Calender blackening, i.e. Calender Blackening Index, CBI, was measured according to Dr. Hermann Praast theory using an apparatus of KP333, Emco Image Analyzer, Dr Praast together with a computer having lAS-analysis program. The apparatus KP333 was checked according to the manual of the apparatus before it was used for the measurements. The checking was implemented according to the manual of the apparatus by using MN033 checking normal. In addition, if needed, the apparatus was calibrated according to the manual. Also illumination was checked according to the manual. The lamp of the apparatus was checked regularly and, if needed, changed. A4-standard sized sheets were used. Every measured sample was clean and undamaged, as well as the apparatus used. Every sheet was measured 10 times / side. Five of the measurements were measured from the cross direction (CD) of the sheet, and five of the measurements were measured from the machine direction (MD) of the sheet.

Typically, if the measured value is < 49, the calender blackening is very weak or cannot be seen, therefore, it is almost always at an acceptable level. If the measured value is between 50 and 52, the calender blackening is weak but typically acceptable. If the measured value is between 53 and 55, the calender blackening can be seen, but it may, in some cases, be at acceptable level. If the measured value is between 56 and 60, the calender blackening is too strong and at unacceptable level. If the measured value is > 60, the calender blackening is very strong and cannot be acceptable.

The term "gsm" refers to g/m².

The term "cellulose based material" refers to various fibres and particles of natural origin. The cellulose based material may comprise, for example, mechanically pulped fibre, dissolving cellulose fibre, sulphite cellulose fibre, sulphate cellulose fibre, or viscose fibre and/or particles made of the above mentioned source(s). Advantageously, the cellulose based material is selected from the group of wood-based fibres, fibres of plant origin, and their derivatives and mixtures. The cellulose based material may be selected, for example, from the wood, sisal, jute, hemp, flax, straw, and other annual plants, as well as mixtures of these. Preferably, the printing paper product according to the invention comprises wood fibres as the main raw material. The content of cellulose based material in the printing paper product, calculated as dry content, is advantageously not higher than 80 w-% and more advantageously not higher than 70 w-%, but preferably at least 50 w-%. Advantageously, at least 30 wt.% or at least 40 wt.%, more preferably at least 50 wt.% or at least 60 wt. %, and most preferably at least 80 wt. % or at least 90 wt.% of the cellulose based material is wood based.
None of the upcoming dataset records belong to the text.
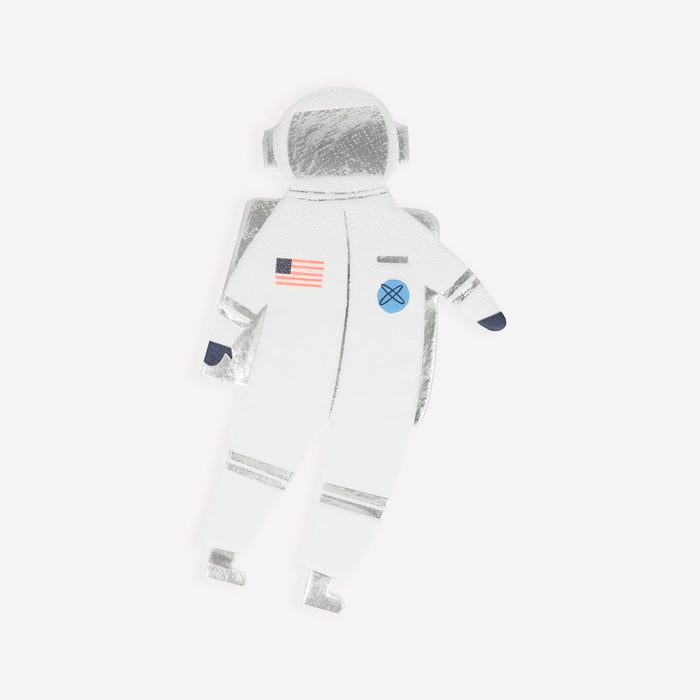 Astronaut Napkins shaped like a white astronaut suit with silver details, space patches, and an American flag accent on a white background.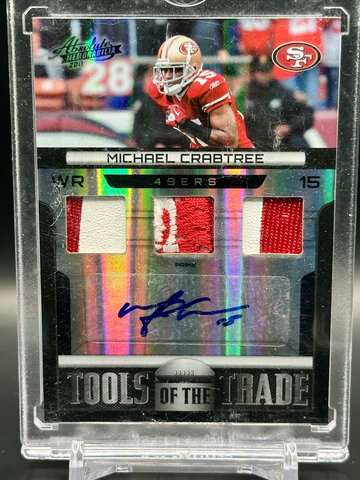#15 Michael Crabtree 2011 Panini Absolute Memorabilia Tools of the Trade RPA 1/1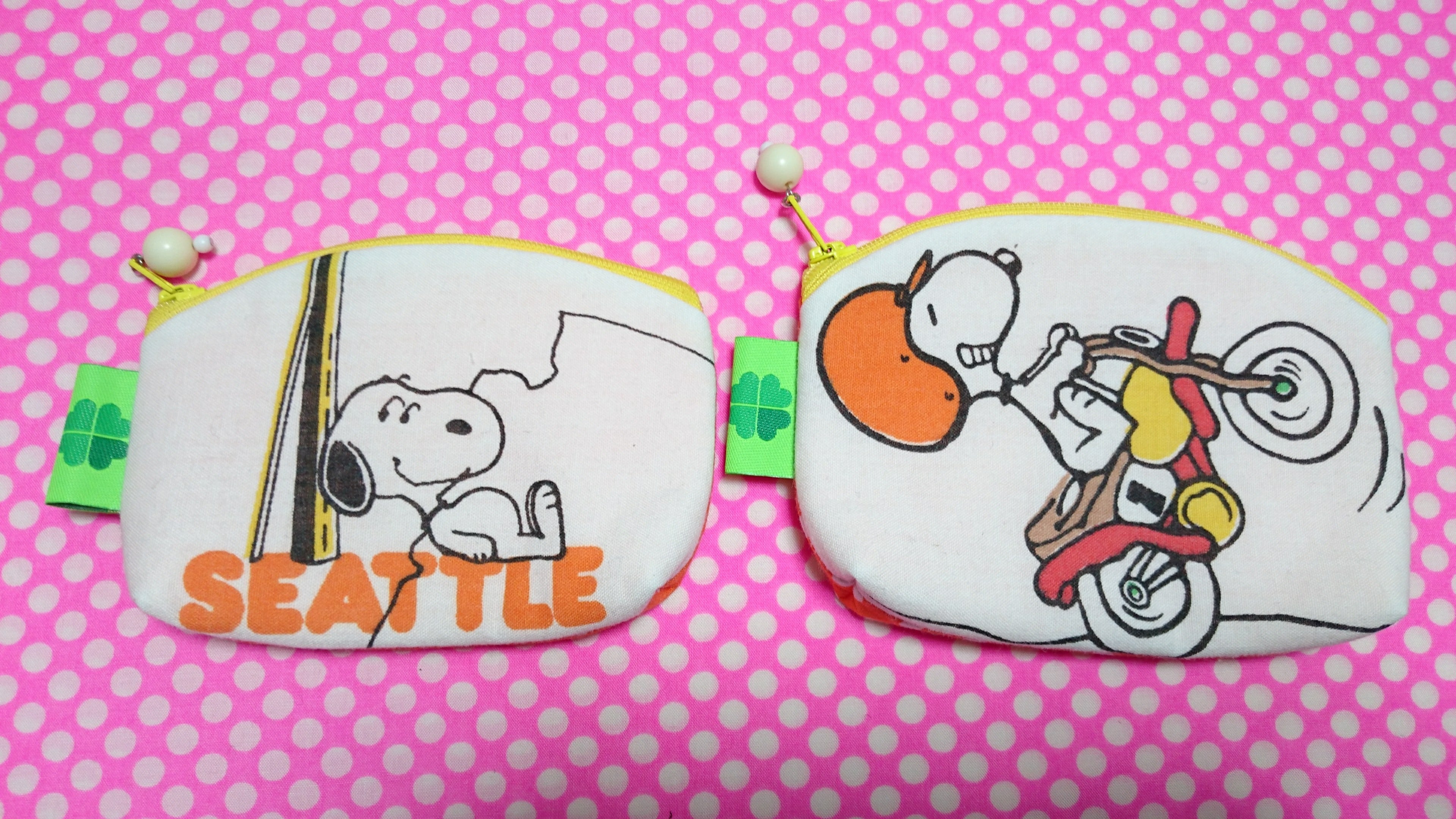 オリジナルハンドメイド スヌーピー貝型ポーチ | loveclover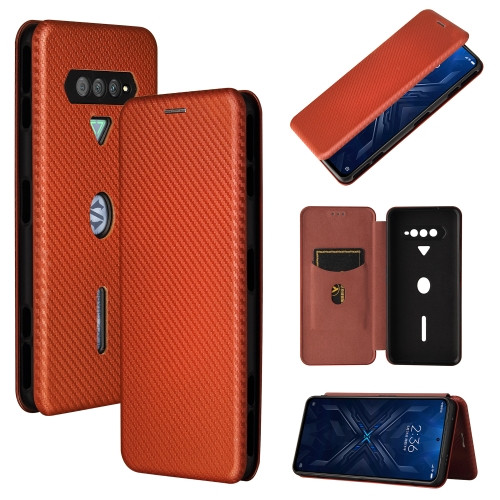 Carbon Fiber Texture Magnetic Horizontal Flip TPU + PC + PU Leather Case with Card Slot for Xiaomi Black Shark 4 (Brown)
The printing paper product according to the present invention preferably comprises mechanical pulp, i.e. mechanically pulped cellulose based particles and/or fibres. The mechanical pulp is preferably selected from thermomechanical pulp (TMP), chemithermomechanical pulp (CTMP), bleached chemithermomechanical pulp (BCTMP), pressurized ground wood (PGW), ground wood (GW), refiner mechanical pulp (RMP), recovered fibre (RCF), or mixtures of these. The main raw material is preferably softwood, such as pine, Southern pine, and/or spruce. Advantageously, the main raw material of natural fibre is spruce. Advantageously, the amount of the mechanical pulp is at least 30 wt.% or at least 40 wt.%, more preferably at least 50 wt.% or at least 60 wt. %, and most preferably at least 70 wt. % or at least 80 wt.% of the cellulose based material.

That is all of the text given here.